# Exercise goal:
The reply must consist of the complete listing, reproduced exactly, with no images included.

# Data section:
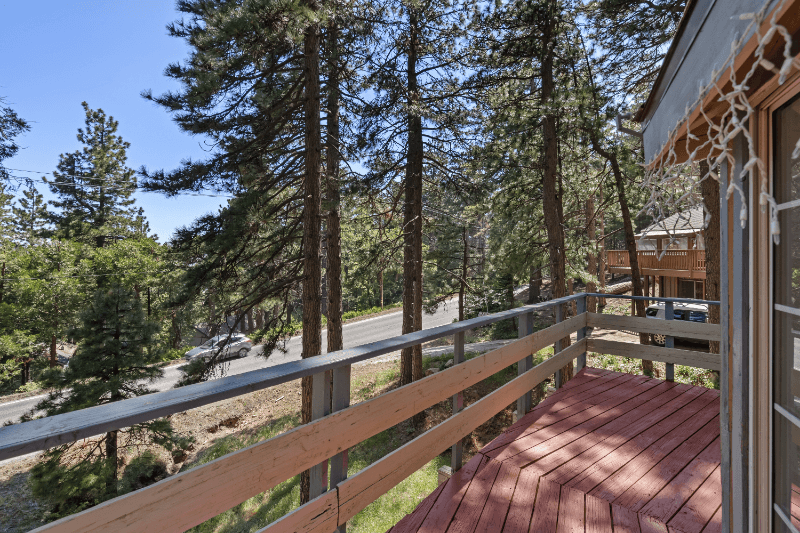 Running Springs House: 31335 Circle View Drive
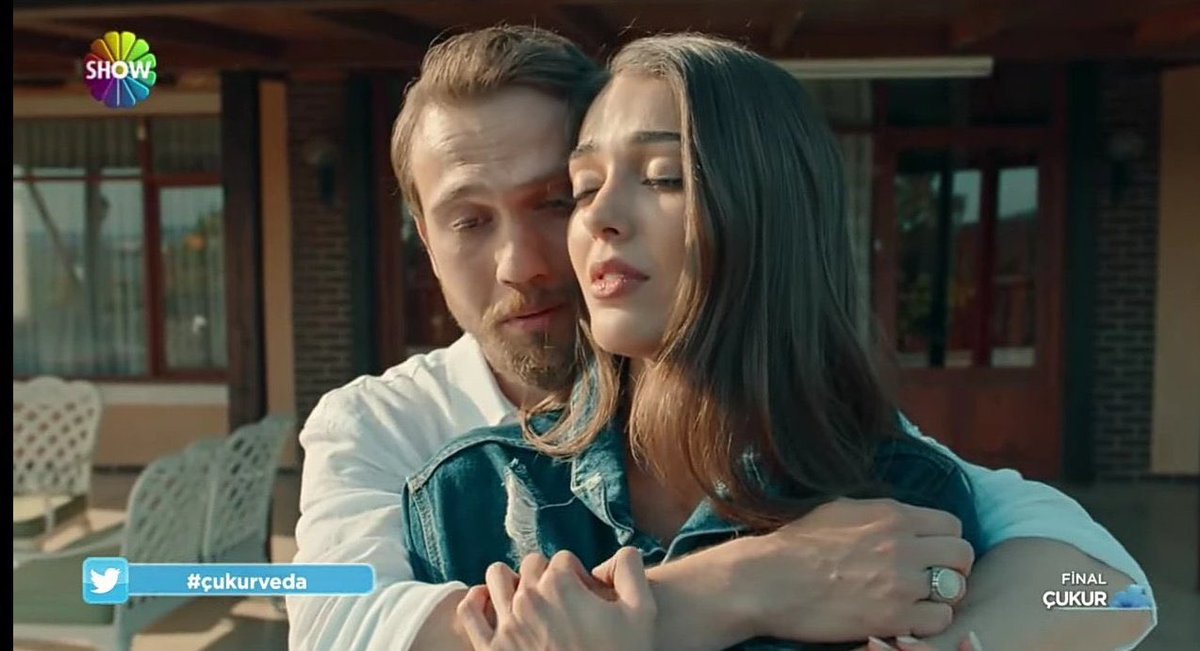 melisaykac0's tweet photo. Bazı sonlar unutulmaz #sena #cukurveda #cukur #sonyaz #Poyrazkarayel #murtaza #yamackocavali #cukurfinal #cukurgala https://t.co/us4PXyZN1N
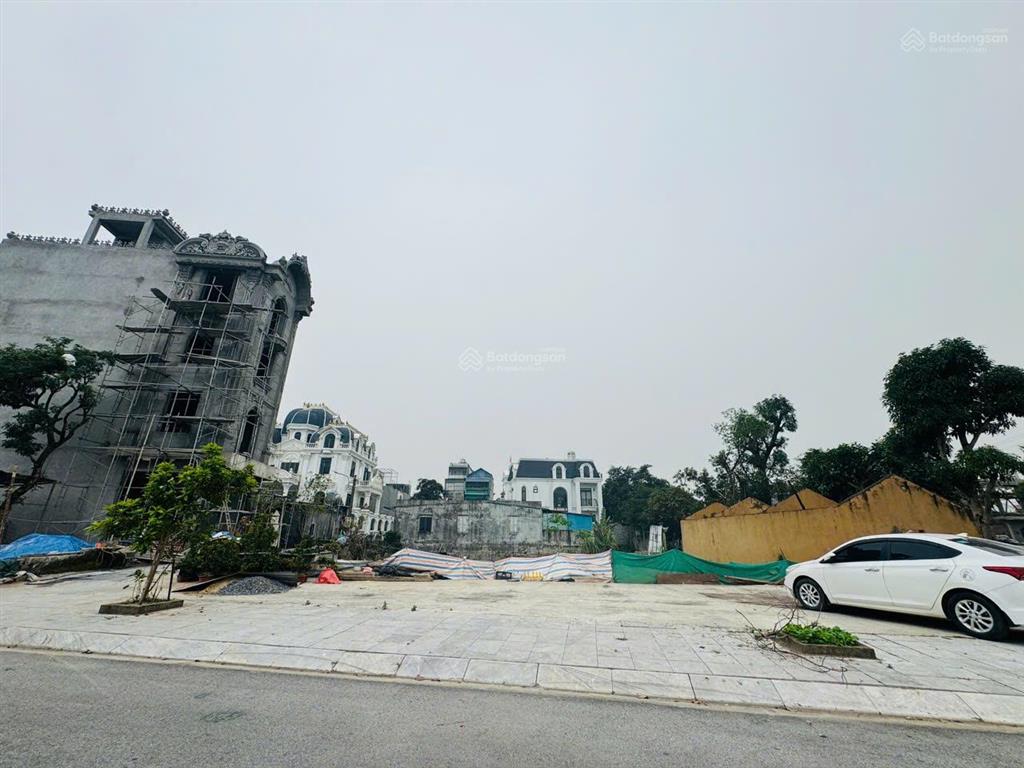 Chính chủ bán gấp đất mặt sông đáy phủ lý, 157m2, giá 35 triệu/m2, mặt 6m vỉa hè rộng 7m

# Written solution:
 Running Springs House: 31335 Circle View Drive
 melisaykac0's tweet photo. Bazı sonlar unutulmaz #sena #cukurveda #cukur #sonyaz #Poyrazkarayel #murtaza #yamackocavali #cukurfinal #cukurgala https://t.co/us4PXyZN1N
 Chính chủ bán gấp đất mặt sông đáy phủ lý, 157m2, giá 35 triệu/m2, mặt 6m vỉa hè rộng 7m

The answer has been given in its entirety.